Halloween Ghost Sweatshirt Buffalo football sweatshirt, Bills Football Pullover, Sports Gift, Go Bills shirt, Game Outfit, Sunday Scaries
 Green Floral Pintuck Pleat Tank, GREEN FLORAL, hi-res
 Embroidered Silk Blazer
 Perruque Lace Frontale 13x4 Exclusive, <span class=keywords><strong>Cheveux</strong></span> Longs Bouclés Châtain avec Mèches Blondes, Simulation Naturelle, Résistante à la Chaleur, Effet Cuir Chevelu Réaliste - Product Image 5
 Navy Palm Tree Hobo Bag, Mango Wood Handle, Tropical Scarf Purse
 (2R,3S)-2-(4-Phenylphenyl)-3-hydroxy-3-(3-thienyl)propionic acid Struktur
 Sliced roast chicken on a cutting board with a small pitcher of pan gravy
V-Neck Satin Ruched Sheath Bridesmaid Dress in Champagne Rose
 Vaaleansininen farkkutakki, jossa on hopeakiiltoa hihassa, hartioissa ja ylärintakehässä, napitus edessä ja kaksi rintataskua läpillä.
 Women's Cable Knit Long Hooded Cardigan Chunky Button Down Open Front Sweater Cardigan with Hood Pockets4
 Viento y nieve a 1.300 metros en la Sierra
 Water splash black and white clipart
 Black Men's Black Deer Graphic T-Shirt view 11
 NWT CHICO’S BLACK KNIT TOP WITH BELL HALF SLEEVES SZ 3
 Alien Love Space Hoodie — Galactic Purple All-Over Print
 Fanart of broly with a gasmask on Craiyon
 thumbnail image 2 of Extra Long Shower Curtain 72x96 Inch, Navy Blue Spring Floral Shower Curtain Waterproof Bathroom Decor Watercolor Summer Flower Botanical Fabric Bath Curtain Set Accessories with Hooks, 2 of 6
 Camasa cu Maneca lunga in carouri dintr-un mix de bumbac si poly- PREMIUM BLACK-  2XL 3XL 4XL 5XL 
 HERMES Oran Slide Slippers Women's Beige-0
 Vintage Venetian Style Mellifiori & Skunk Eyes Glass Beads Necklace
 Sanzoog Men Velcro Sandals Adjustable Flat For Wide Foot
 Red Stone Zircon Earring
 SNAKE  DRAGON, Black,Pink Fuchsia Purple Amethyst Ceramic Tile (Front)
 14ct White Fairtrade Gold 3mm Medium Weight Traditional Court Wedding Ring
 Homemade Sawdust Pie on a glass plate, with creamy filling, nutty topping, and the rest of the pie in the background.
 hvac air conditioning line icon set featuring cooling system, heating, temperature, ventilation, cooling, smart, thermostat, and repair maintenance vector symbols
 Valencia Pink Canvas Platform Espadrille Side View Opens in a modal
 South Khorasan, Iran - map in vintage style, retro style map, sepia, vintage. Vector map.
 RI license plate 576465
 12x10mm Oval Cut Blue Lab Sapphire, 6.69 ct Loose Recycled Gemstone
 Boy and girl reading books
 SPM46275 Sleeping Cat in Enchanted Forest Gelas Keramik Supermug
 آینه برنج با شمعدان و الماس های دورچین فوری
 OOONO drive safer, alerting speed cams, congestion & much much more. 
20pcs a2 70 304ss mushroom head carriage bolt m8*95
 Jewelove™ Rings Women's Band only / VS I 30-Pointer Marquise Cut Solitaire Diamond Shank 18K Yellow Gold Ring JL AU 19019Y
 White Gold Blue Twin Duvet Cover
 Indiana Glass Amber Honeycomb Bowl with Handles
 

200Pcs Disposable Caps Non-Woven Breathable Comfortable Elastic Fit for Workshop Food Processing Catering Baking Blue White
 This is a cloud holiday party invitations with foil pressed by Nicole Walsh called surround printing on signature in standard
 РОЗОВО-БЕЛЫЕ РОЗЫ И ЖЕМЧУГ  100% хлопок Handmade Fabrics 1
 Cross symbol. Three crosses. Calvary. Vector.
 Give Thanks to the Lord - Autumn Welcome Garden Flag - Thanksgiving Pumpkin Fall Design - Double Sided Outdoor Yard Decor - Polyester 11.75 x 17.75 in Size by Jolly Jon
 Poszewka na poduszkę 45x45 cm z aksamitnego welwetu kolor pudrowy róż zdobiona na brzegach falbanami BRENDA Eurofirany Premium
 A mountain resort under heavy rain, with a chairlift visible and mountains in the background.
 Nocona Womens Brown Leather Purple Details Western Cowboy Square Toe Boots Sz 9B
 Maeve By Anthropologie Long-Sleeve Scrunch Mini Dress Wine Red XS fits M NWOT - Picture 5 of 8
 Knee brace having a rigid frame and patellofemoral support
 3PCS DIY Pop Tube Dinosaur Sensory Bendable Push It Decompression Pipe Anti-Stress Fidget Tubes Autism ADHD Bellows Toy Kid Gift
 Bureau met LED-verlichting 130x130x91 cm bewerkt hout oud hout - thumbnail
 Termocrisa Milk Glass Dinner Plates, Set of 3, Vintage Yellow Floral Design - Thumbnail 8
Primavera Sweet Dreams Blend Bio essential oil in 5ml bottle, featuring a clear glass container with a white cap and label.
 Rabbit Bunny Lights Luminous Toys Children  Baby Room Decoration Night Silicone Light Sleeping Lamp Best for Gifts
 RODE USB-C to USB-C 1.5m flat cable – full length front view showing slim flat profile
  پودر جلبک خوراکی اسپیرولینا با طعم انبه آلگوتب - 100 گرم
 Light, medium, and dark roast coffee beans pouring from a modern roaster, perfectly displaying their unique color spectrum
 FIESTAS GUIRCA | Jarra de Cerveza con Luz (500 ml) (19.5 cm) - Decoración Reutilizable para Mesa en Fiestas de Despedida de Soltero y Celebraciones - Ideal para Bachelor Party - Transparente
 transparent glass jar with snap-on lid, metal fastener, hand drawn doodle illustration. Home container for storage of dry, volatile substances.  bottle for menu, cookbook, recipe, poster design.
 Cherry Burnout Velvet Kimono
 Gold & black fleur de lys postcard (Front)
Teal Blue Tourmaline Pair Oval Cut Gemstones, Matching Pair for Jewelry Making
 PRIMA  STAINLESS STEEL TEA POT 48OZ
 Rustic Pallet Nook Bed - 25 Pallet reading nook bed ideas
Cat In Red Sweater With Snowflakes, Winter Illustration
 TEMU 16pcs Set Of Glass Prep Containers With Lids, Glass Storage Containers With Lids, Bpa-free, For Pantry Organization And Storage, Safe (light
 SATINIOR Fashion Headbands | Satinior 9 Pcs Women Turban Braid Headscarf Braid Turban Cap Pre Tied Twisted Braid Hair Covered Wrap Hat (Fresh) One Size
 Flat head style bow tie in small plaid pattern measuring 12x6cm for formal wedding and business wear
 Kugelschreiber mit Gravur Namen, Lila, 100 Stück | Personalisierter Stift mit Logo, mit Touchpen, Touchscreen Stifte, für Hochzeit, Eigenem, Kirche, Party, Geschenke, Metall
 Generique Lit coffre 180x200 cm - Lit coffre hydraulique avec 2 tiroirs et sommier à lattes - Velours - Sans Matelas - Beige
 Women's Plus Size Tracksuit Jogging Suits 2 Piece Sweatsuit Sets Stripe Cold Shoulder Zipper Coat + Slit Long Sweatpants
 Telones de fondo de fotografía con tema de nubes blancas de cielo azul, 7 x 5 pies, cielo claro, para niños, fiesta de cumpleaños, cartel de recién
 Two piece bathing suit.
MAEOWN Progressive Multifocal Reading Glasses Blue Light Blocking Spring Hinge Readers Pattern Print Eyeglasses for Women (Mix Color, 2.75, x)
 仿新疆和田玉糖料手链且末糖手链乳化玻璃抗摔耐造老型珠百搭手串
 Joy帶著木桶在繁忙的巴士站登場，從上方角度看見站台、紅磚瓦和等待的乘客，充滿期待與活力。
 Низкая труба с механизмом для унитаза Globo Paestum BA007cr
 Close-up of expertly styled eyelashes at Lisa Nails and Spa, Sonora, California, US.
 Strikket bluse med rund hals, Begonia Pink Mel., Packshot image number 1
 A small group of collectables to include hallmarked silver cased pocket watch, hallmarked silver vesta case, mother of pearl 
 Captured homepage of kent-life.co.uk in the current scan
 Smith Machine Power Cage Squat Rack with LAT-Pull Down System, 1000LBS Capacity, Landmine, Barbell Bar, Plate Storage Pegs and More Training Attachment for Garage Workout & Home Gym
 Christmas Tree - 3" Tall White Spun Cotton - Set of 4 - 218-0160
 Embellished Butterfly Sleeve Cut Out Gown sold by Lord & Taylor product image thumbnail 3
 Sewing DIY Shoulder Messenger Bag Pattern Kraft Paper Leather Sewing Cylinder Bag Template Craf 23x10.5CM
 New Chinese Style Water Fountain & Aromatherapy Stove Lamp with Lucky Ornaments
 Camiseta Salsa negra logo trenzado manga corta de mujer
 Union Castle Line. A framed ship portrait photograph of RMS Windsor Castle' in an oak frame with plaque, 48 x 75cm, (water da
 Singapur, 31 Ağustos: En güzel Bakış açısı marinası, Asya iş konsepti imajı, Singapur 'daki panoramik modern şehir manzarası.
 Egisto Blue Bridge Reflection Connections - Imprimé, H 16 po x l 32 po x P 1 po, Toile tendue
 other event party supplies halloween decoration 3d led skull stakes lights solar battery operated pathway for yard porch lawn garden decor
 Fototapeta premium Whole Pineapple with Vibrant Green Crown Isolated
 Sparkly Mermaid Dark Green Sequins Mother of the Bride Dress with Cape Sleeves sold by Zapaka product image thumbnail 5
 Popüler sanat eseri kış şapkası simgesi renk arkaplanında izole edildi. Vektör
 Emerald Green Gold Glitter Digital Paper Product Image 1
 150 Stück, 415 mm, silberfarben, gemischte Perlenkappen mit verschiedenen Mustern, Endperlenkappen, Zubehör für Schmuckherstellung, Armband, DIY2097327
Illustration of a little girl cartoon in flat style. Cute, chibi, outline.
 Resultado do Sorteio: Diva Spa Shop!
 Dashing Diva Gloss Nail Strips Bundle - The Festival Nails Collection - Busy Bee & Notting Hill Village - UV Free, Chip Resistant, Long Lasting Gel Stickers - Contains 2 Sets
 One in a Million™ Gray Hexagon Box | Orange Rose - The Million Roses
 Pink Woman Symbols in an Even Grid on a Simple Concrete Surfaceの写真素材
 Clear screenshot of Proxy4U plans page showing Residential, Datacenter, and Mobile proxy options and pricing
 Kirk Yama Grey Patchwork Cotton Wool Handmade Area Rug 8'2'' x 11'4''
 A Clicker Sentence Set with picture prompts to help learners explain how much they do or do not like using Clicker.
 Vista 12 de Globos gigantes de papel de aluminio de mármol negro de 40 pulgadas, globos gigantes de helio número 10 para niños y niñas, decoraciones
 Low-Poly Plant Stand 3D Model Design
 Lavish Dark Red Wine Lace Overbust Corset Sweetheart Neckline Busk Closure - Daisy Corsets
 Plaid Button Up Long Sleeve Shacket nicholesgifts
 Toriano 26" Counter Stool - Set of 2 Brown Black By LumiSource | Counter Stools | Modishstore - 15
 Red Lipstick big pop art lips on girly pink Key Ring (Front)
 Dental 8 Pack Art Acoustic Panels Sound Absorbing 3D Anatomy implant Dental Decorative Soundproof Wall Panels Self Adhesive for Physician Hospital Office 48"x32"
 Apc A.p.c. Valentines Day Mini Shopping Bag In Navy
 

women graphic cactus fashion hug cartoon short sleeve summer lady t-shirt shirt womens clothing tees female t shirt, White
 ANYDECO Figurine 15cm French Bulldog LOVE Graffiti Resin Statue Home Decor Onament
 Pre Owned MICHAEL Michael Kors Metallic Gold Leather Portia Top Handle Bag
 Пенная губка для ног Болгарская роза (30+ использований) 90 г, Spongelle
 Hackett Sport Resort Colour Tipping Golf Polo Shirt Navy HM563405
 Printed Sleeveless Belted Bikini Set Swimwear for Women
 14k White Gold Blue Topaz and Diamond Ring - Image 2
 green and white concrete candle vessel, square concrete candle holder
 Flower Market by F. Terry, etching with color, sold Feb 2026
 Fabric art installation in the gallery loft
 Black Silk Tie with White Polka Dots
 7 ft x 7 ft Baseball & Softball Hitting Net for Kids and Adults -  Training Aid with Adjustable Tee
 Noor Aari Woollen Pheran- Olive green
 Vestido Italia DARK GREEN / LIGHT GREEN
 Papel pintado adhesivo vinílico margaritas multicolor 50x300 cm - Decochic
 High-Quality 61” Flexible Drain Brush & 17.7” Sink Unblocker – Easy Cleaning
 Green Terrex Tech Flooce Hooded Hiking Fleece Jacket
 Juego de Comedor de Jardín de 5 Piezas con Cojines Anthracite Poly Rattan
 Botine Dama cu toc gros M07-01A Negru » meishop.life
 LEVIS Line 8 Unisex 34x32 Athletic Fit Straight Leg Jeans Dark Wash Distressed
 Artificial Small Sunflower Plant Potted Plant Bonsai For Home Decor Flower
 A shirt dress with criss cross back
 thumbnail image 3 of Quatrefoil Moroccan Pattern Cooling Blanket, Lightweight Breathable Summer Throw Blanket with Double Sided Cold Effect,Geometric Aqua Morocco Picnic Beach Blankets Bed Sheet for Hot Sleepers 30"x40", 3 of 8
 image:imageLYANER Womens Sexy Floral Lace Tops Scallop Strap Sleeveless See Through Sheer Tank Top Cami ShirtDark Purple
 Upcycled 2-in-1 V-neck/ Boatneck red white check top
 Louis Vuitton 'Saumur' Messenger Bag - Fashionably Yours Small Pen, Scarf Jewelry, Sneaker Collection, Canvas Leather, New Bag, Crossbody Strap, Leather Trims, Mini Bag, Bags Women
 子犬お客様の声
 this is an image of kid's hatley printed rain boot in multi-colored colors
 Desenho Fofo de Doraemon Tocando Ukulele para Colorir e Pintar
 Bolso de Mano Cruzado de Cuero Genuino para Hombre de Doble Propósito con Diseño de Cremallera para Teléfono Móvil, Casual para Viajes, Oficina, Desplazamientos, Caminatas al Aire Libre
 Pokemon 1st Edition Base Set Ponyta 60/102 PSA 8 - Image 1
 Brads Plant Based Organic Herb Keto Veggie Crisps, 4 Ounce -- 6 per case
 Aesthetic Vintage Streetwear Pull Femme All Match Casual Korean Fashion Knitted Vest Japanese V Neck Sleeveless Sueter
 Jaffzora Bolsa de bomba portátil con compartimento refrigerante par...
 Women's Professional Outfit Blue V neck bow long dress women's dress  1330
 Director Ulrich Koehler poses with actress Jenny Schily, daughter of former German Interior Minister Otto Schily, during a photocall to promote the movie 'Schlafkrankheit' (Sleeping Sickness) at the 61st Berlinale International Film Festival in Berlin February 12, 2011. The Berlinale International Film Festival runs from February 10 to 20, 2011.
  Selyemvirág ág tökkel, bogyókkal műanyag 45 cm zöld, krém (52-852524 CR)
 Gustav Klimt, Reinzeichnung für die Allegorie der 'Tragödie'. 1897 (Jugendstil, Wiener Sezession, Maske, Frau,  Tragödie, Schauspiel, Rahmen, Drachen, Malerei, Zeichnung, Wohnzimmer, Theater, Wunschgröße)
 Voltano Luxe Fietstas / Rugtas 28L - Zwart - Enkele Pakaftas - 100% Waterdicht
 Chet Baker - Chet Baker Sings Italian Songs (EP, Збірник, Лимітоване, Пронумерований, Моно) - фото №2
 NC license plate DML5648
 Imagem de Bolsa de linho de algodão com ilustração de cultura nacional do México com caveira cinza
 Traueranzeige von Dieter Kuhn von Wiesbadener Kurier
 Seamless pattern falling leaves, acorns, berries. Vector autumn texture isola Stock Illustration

|---|

From the records above, pull out each line that has "Adjustable".

**EXERCISE SOLUTION:**
 Sanzoog Men Velcro Sandals Adjustable Flat For Wide Foot
 7 ft x 7 ft Baseball & Softball Hitting Net for Kids and Adults -  Training Aid with Adjustable Tee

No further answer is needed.